Most board members want to stay under the state’s tax levy cap

Superintendent asks board members four budget questions

MARCH 6, 2017

Board of Education members began their discussion of the 2017-18 school budget tonight as Superintendent Susan Swartz asked them to consider four questions as they began the discussion:

  • What items are non-negotiable?
  • What would you like to add if additions are possible?
  • What are you comfortable letting go?
  • Where would you like the tax rate to be in August?

Here is Swartz’s presentation to the Board of Education tonight.

The “roll over” budget proposal presented last week would increase spending by $1.752 million (3.37 percent) over the current school year’s budget ($52.048 million). That proposal has a funding gap of $531,000, though part of that – as much as $250,000 – would be filled by new hires to replace the 10 retirees approved by the board so far.

In 2017-18, Scotia-Glenville is taking a capital levy exclusion in the state tax levy cap formula, which is from the 2015 capital project repayments. That exclusion raises the district’s maximum allowable tax levy limit to 3.66 percent in 2017-18.

Gov. Andrew Cuomo has presented a state budget that would include a 1.33 percent increase in Foundation Aid for Scotia-Glenville. Total state aid – including reimbursed funding for money already spent like transportation and BOCES aid – would increase by $410,099 or 2.09 percent. The state Legislature may increase those figures as the state budget is developed up to the April 1 state budget adoption deadline.

Here is Swartz’s presentation about the “roll over budget” to the Board of Education on Feb. 27.

She began tonight’s presentation by discussing myths about the tax rate and discussed how she hired new staff to replace retiring staff. Because she prefers candidates with experience, she said she plans to typically hire on Step 8 of the teacher’s schedule – a starting salary of $51,235 (with benefits, $81,784).

She noted that many staff members were hired above that level last year to replace retirees, while some were hired below that level. She said budgeting to hire at Step 8 gives her flexibility in the hiring process and allows her to “hire somebody with the most experience for our classrooms. We also have to build a budget that reflects our reality (of hiring).”

BOE supports programs in the budget now

Swartz also reviewed the budget additions from last year: MS Special Needs program, teaching assistants at Sacandaga and the Middle School and additional TA hours at Glen-Worden, restoration of field trips, an increase in music instruction, a full-time reading teacher at Sacandaga and the Middle school and reinstatement of the dean of students position at the high school.

Board members felt these were important to keep going forward. “They were important enough for us to add last year, so I don’t think we should pare back there,” said member Gary Normington. He also said he’d like to see funding to expand social service coverage for students. “If we don’t pay to support them now, we will have to pay to support them later,” he added.

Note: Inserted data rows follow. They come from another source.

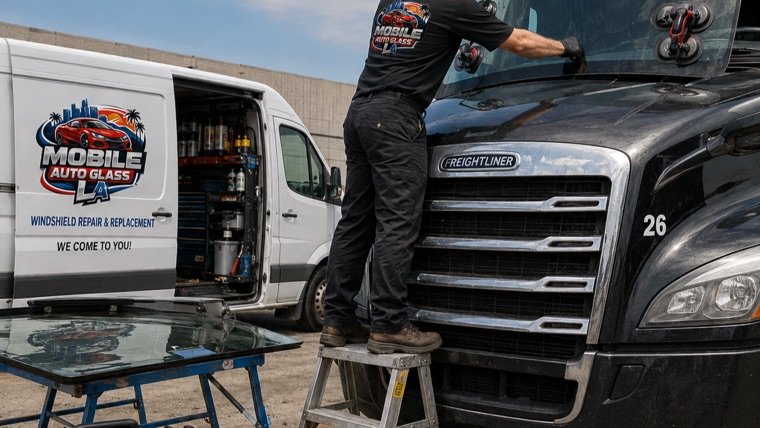 Semi Truck Windshield Repair and Replacement in Santa Monica, CA by Mobile Auto Glass LA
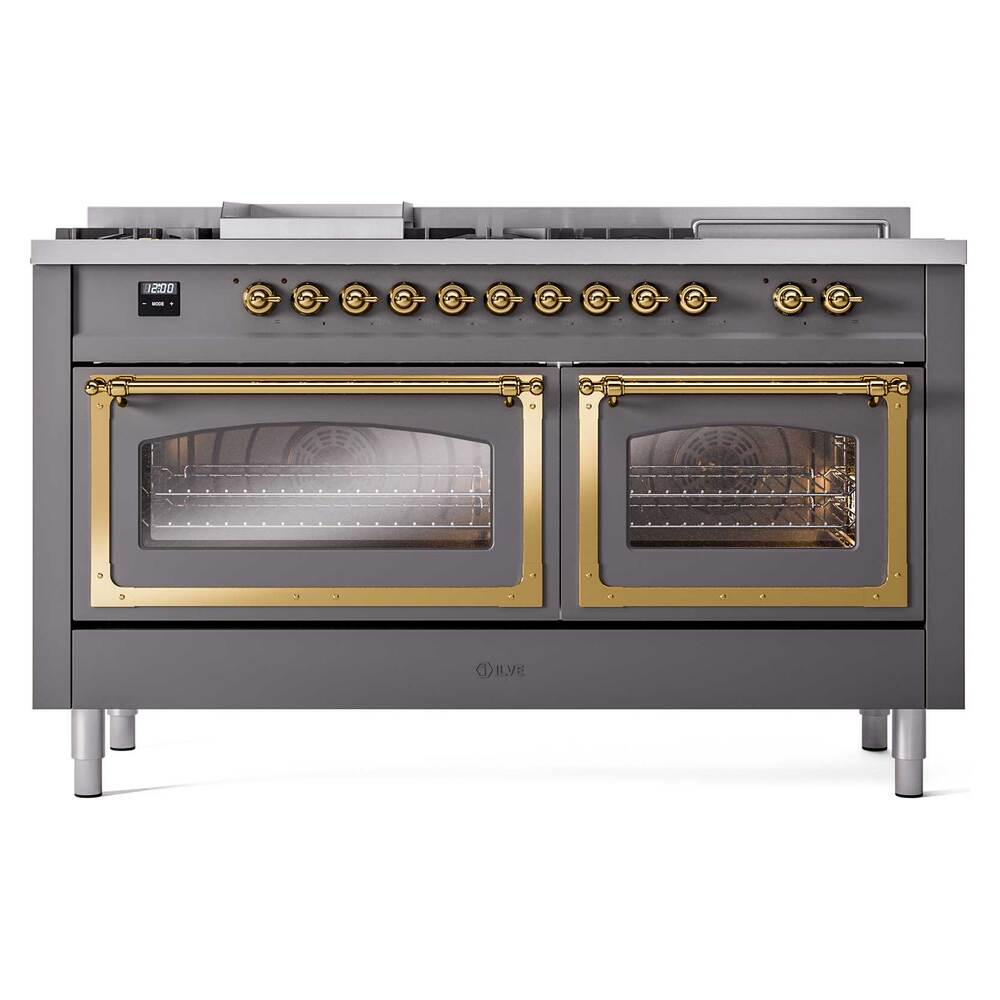 ILVE UN60FSNMPMGG Nostalgie II Noblesse 60 inch Dual Fuel Range (7 Sealed Burners + Griddle + French Top, Natural Gas, Triple Glass Door, Graphite Matte, Brass)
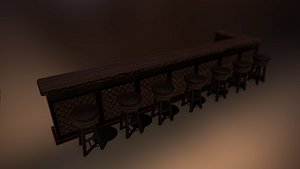 bar seat medieval 3D model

“I’d like to keep everything that we have now but also stay at or below the cap,” said member Pam Carbone.

Board members mentioned several areas of potential new funding in the budget: social services for students, information literacy, add a middle school counselor, additional staff development.

Swartz also mentioned that kindergarten enrollment is low for the coming year, at this point. If it were to remain this low, she said a section of kindergarten could be reduced at Sacandaga. That school now has three sections of kindergarten and generally serves as the “overflow” from other schools in the district when needed. Enrollment this year in those three sections of kindergarten this year are 15, 15 and 16.

Member Dan Feinberg asked if the OPAL enrichment program, which used to have its own teacher but now is taught by library media specialists, was working well.

Swartz said she felt more students were exposed to enrichment by having the library media specialists teach it. Ideally, she said she’d support hiring four OPAL teachers – one for each school. But that cost would be prohibitive, at least next year.

Board President David Bucciferro said he felt an emphasis on pre-kindergarten education would be a benefit for students entering kindergarten and give students a strong foundation. “It’s hard. We don’t have enough money to do some of the things that we know need to be done,” he said.

Most support keeping the tax levy increase at 3.66%

Most board members said that, if Swartz were to present a strong argument for needed programs, they would be willing to exceed the state’s tax levy limit for SG of 3.66 percent in 2017-18. The consensus of the board, however, was to stay below the state’s tax levy cap for Scotia-Glenville.

“I want to do what we need to do,” said Normington. “If our kids are able to get the services they need and we still stay below the cap, that’s good. If not, I would support going over the cap.”

Carbone mentioned that the state has made it difficult for any school district to exceed the tax levy cap, in part because of the 60 percent approval necessary but also because of the state rebate checks. People have gotten used to those and she’d hate to take those away from people, saying doing so would be a “double hit” on people who would lose the check and pay higher taxes.

Bucciferro echoed Normington’s thoughts about staying under the cap unless there are needs not being met in the budget. “And we can hope that some more money gets thrown on the table” by the state Legislature as it concludes its budget deliberations by April 1.

A frugal history on tax rates

Scotia-Glenville is the only school district in the Capital Region area that has cut tax rates three times in the past eight years.

Tax rates declined in the 2009-10 school year (-1.68 percent) as the district receive federal stimulus money and returned part of that in the form of lower taxes; the 2015-16 school year (-2.51 percent) as the state dramatically returned Gap Elimination Adjustment (GEA) funding that had been withheld; and in the current year (-0.74 percent), thanks in large part of an elimination of the GEA and overall increases in state aid.

The community – with a 73.2 percent approval vote – supported an override of the state’s maximum tax levy cap in May 2014 for the 2014-15 budget. The state required a 60 percent voter approval rate for the override. That year, the state said the maximum tax levy increase for Scotia-Glenville was a paltry 0.27 percent (less than 1 percent). At the time of the vote, the school district told voters the tax levy would increase by a maximum of 1.76 percent; when approved in August 2014, the levy actually increased by 1.12 percent.